Exercise brief: Restate the listing below line for line and word for word, without the pictures.

Recorded information:
=-=-=-=-=

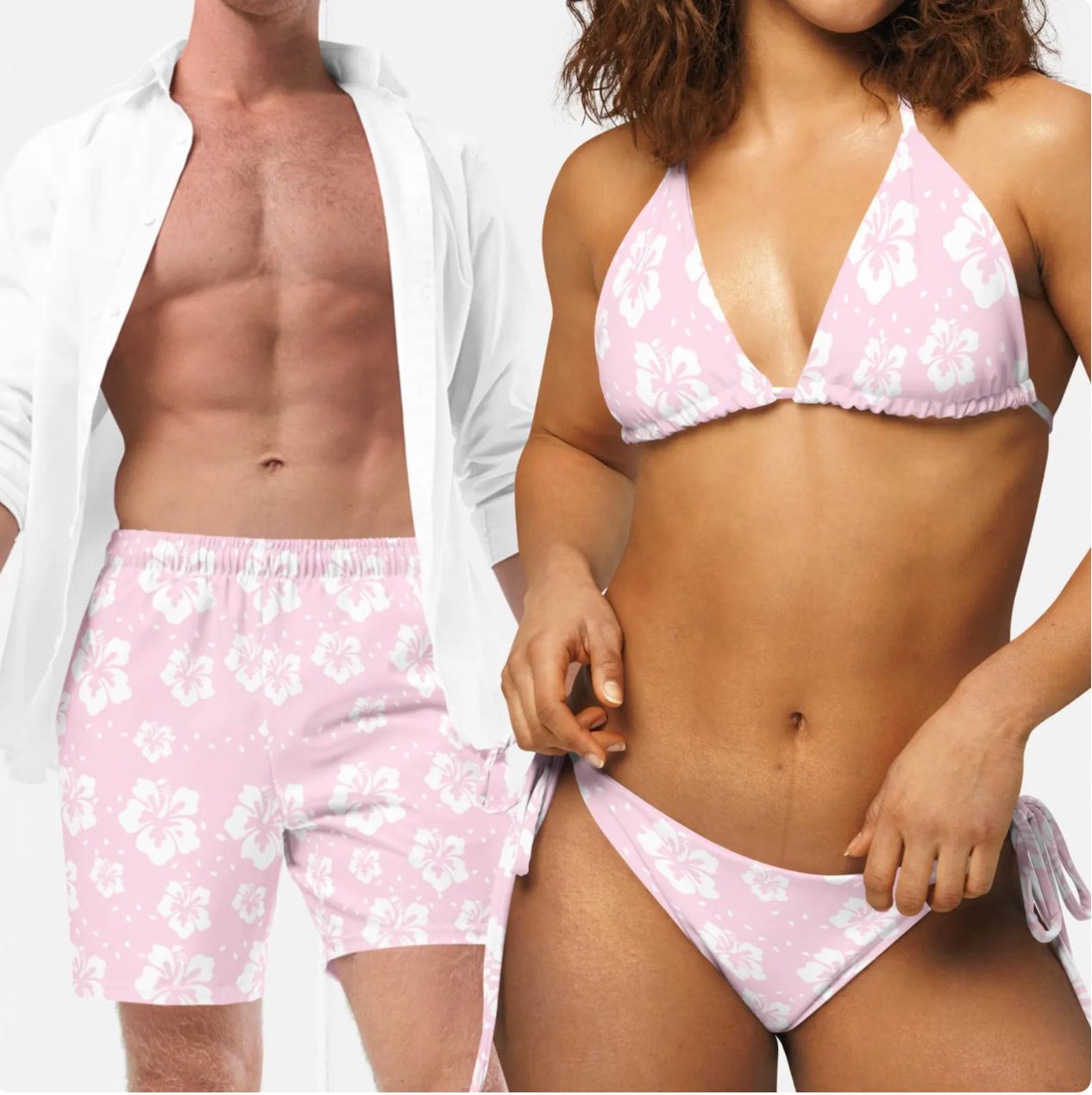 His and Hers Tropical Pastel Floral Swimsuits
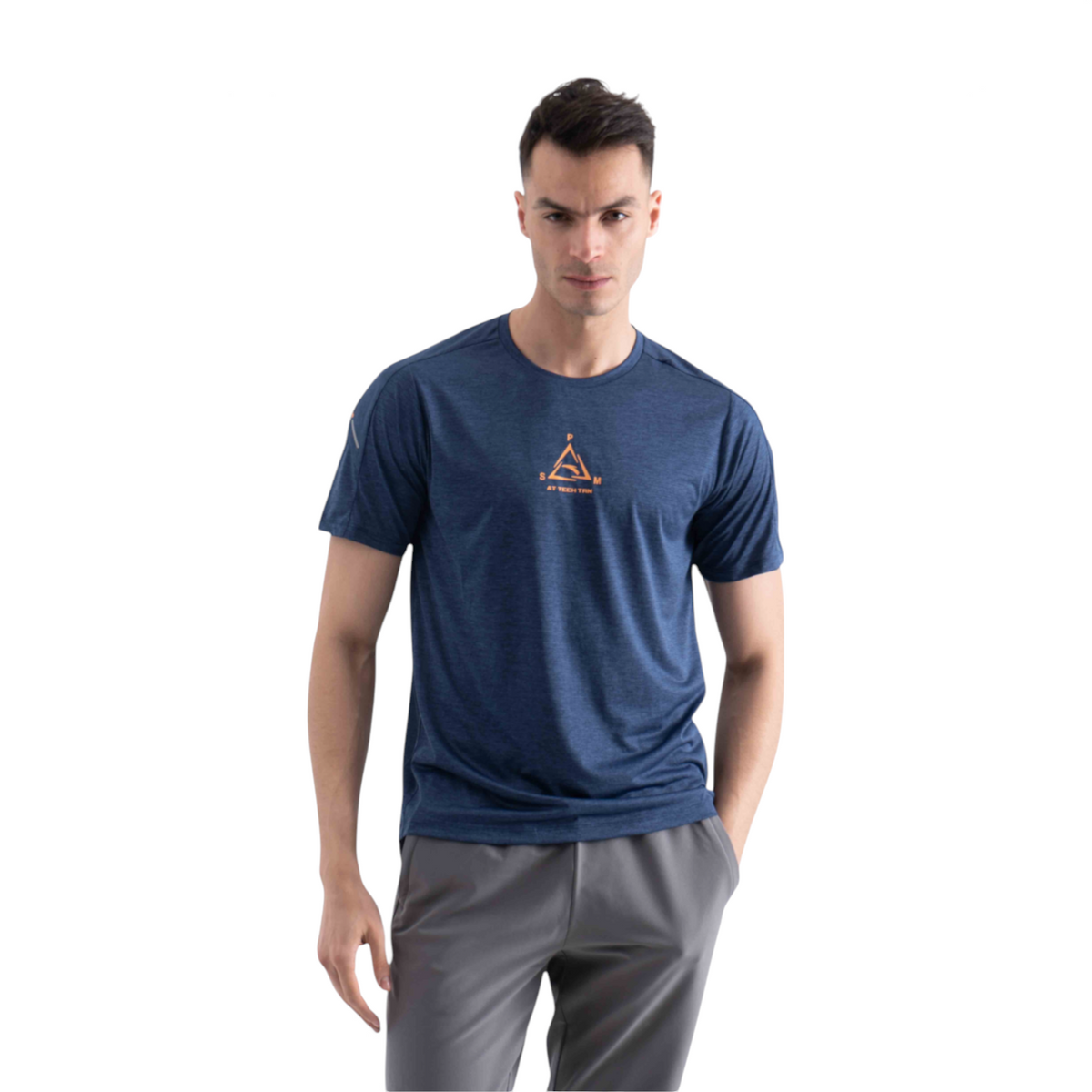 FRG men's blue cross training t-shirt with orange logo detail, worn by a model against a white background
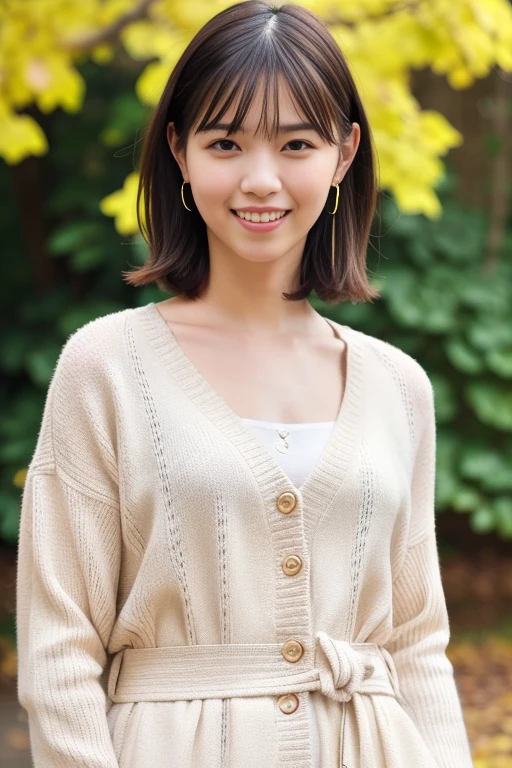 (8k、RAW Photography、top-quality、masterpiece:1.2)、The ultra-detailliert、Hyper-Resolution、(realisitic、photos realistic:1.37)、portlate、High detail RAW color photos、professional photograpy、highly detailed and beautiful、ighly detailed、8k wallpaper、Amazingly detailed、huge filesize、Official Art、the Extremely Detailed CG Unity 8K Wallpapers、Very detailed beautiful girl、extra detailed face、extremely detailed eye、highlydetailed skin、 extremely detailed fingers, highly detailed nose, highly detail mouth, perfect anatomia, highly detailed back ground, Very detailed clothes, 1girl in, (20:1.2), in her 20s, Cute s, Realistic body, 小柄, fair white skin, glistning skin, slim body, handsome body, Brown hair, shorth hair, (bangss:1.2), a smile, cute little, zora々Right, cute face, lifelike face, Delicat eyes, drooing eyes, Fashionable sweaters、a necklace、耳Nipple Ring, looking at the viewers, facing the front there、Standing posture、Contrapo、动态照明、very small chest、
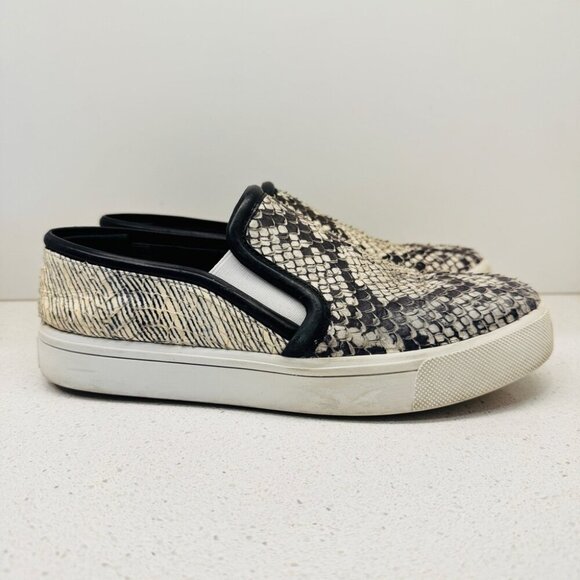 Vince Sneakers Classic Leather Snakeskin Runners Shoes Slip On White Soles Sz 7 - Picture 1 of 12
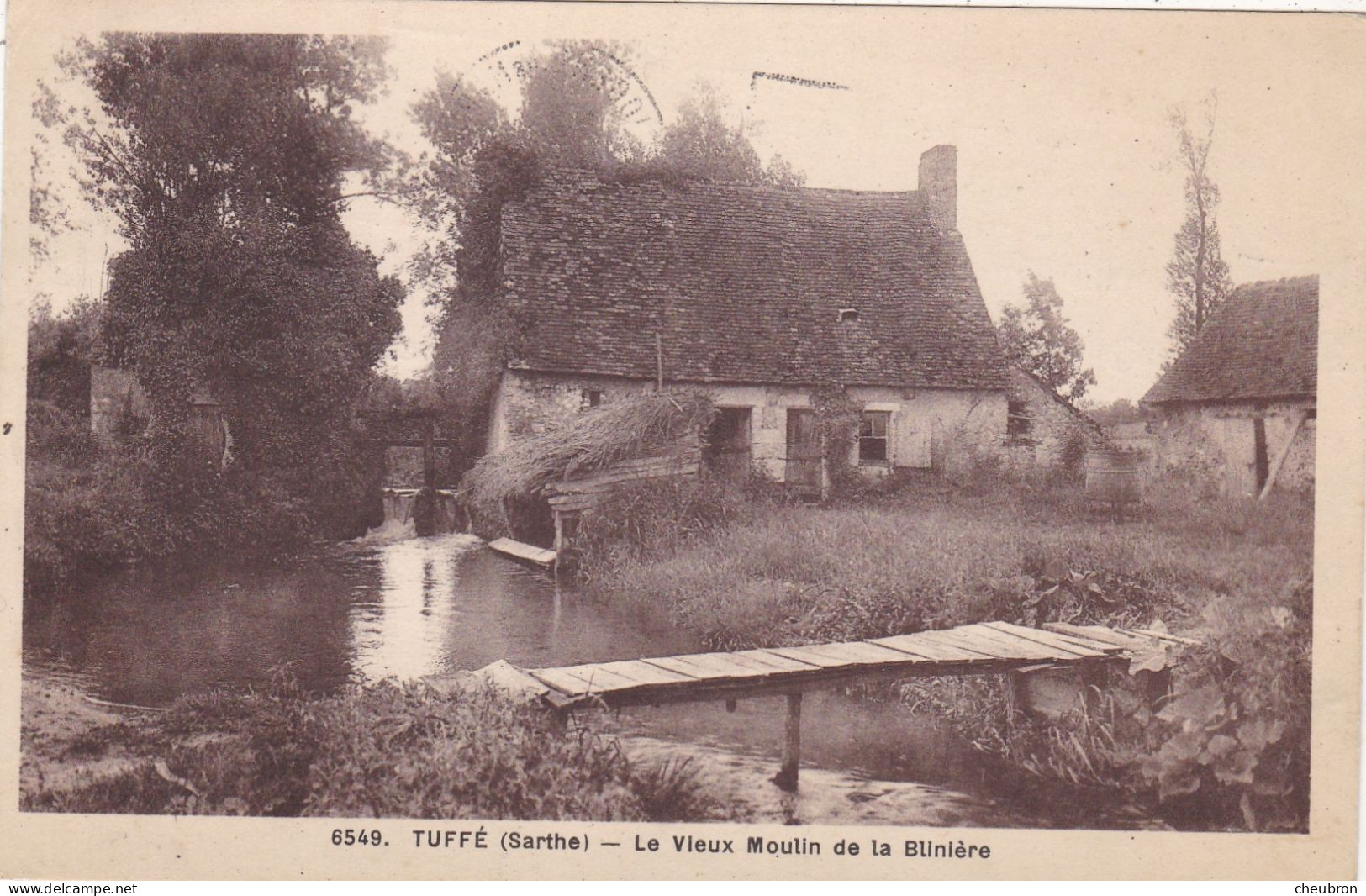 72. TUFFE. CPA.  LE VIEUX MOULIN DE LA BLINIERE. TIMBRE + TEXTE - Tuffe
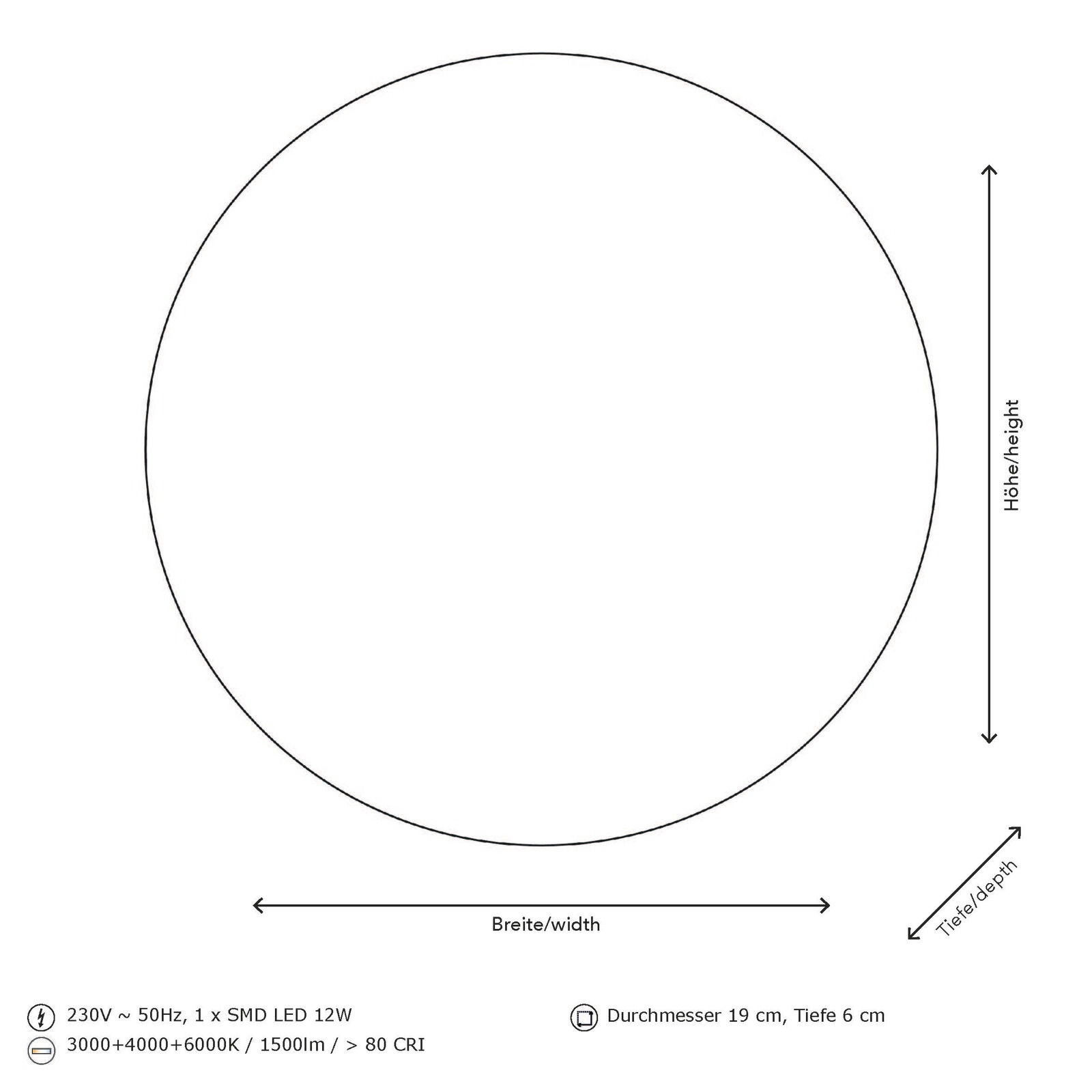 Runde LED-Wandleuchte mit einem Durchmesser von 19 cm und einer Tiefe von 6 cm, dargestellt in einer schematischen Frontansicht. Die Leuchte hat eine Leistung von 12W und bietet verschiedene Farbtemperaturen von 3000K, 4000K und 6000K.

=-=-=-=-=

Solution:
 His and Hers Tropical Pastel Floral Swimsuits
 FRG men's blue cross training t-shirt with orange logo detail, worn by a model against a white background
 (8k、RAW Photography、top-quality、masterpiece:1.2)、The ultra-detailliert、Hyper-Resolution、(realisitic、photos realistic:1.37)、portlate、High detail RAW color photos、professional photograpy、highly detailed and beautiful、ighly detailed、8k wallpaper、Amazingly detailed、huge filesize、Official Art、the Extremely Detailed CG Unity 8K Wallpapers、Very detailed beautiful girl、extra detailed face、extremely detailed eye、highlydetailed skin、 extremely detailed fingers, highly detailed nose, highly detail mouth, perfect anatomia, highly detailed back ground, Very detailed clothes, 1girl in, (20:1.2), in her 20s, Cute s, Realistic body, 小柄, fair white skin, glistning skin, slim body, handsome body, Brown hair, shorth hair, (bangss:1.2), a smile, cute little, zora々Right, cute face, lifelike face, Delicat eyes, drooing eyes, Fashionable sweaters、a necklace、耳Nipple Ring, looking at the viewers, facing the front there、Standing posture、Contrapo、动态照明、very small chest、
 Vince Sneakers Classic Leather Snakeskin Runners Shoes Slip On White Soles Sz 7 - Picture 1 of 12
 72. TUFFE. CPA.  LE VIEUX MOULIN DE LA BLINIERE. TIMBRE + TEXTE - Tuffe
 Runde LED-Wandleuchte mit einem Durchmesser von 19 cm und einer Tiefe von 6 cm, dargestellt in einer schematischen Frontansicht. Die Leuchte hat eine Leistung von 12W und bietet verschiedene Farbtemperaturen von 3000K, 4000K und 6000K.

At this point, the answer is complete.